(Courtesy of Be Bethlehem Be Here)

“Be Bethlehem Be Here” community map project promotes unity between Lehigh and Bethlehem


(Courtesy of Be Bethlehem Be Here)

Faith Rayches has studied in Bethlehem for three years, but her biggest realization about the city came on the streets of Amsterdam.

While she was studying abroad there, the Lehigh senior took a course in public mapping. As she focused on some of the less-traveled places in Amsterdam, Rayches was excited to return and map the hidden highlights of South Bethlehem.

Corina Fitzgerald, ’17, Alejandra Silguero, ’17, and Julia Patterson, ’17, also had similar interests with mapping South Bethlehem’s less-frequented shops and restaurants, as well as the city’s art exhibits.

Today, these four women are collaborating on “Be Bethlehem Be Here,” a senior capstone project with the Lehigh Global Citizenship program. The capstone project is their final graduation requirement for the program and encourages students to focus on spotlighting an aspect of the greater Lehigh community.

“We are hoping our project is one step toward bridging the gap (between Lehigh and South Bethlehem community members),” Rayches said. “If more students are following this map and are more encouraged to walk two blocks off campus, there will be more interaction between Lehigh students and the community.”

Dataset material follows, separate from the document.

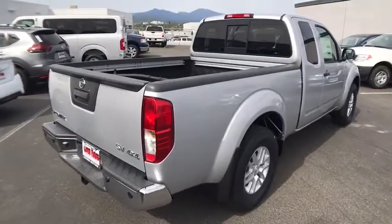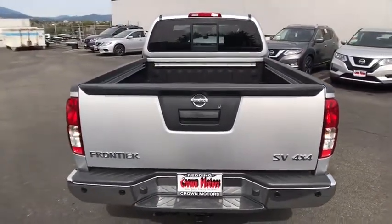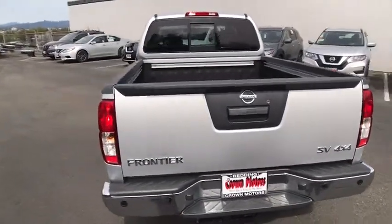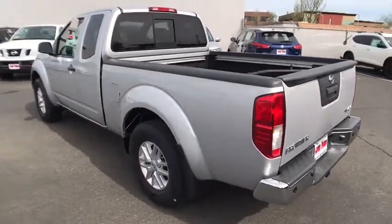The Frontier's interior comforts include cab versatility, under-seat storage, and seating for five. Take this vehicle for a spin and see why so many shoppers are now proud owners.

With over 5,000 Lehigh students and over 20,000 South Bethlehem residents, the group’s goal is to encourage students to explore the South Side’s different locations such as restaurants, stores and art installations.

“We focused on providing information to Lehigh students, faculty, staff and anyone part of the South Side community that can promote community engagement and take away the negative connotations associated with South Bethlehem,” Patterson said.

Rayches said their goal for the map is to increase appreciation for what the South Side community has available to explore.

“It’s not the type of map like Google Maps,” Rayches said. “Everyone has their phone and can plug in an address. There is no map available right now if you want to take a walk around the area.”

The group received a $500 bLUeprint Grant through the university that went toward printing the maps and promoting the project.

The group worked closely with Sarah Stanlick, their adviser and the director of the Global Citizenship program, and with Dzidzor Essien, a visiting assistant professor in the Global Citizenship program.

Essien said she hopes the map will improve Lehigh’s relationship with the South Side community.

“Knowing that students have experienced those places will make other students more likely to check it out,” Essien said. “It also gives a chance for the community members to interact with the Lehigh students.”

After creating an interest survey with about 100 responses, Rayches said the group determined which restaurants and locations should be included on the map.

“One of the reasons there isn’t as much community engagement as there could be is because of a lack of information,” Patterson said. “There hasn’t been an adequate source to tell Lehigh students where they could go in South Bethlehem. This is an easy way for a first-year student to feel more comfortable exploring in the South Bethlehem community but already having the information you need in the palm of your hand.”

Patterson created a PDF version of the map that highlighted restaurants students could try out off campus.

(Courtesy of Be Bethlehem Be Here)

“Our motto, ‘Be Bethlehem Be Here,’ is about being present and being in Bethlehem,” Rayches said. “As much as we are Lehigh students, Bethlehem is our home. (The goal is to know) we can step more than a block off campus and understand there is still a lot more to explore.”

Be Bethlehem Be Here is hosting two events before the release of the public map.

On Wednesday, English professor Charles French spoke about community engagement in Bethlehem at Café the Lodge. On Thursday, the group partnered with the Banana Factory and students from Broughal Middle School to plant seeds and hand paint a planter. On Friday, students will explore the South Side community using the map during a guided tour with group members.

The map is still in its final stages, so the walk, called the South Side Stroll, is part of their practice run to observe the effectiveness of the map in featuring a few key places.

Students who participate in the walk will provide the group feedback to enhance the final map.

Rayches said the final product will have the map on the front and include quotes from students and local business owners on the back.

“The best way to create more engagement is to give people more information about the area they are trying to engage with,” Patterson said.

Rayches said she hopes the Lehigh Admissions Office will use the map to give prospective students an idea of the South Side community in the future.

“There is a lot to love in South Bethlehem, and I think people will start to see it through our map,” Rayches said.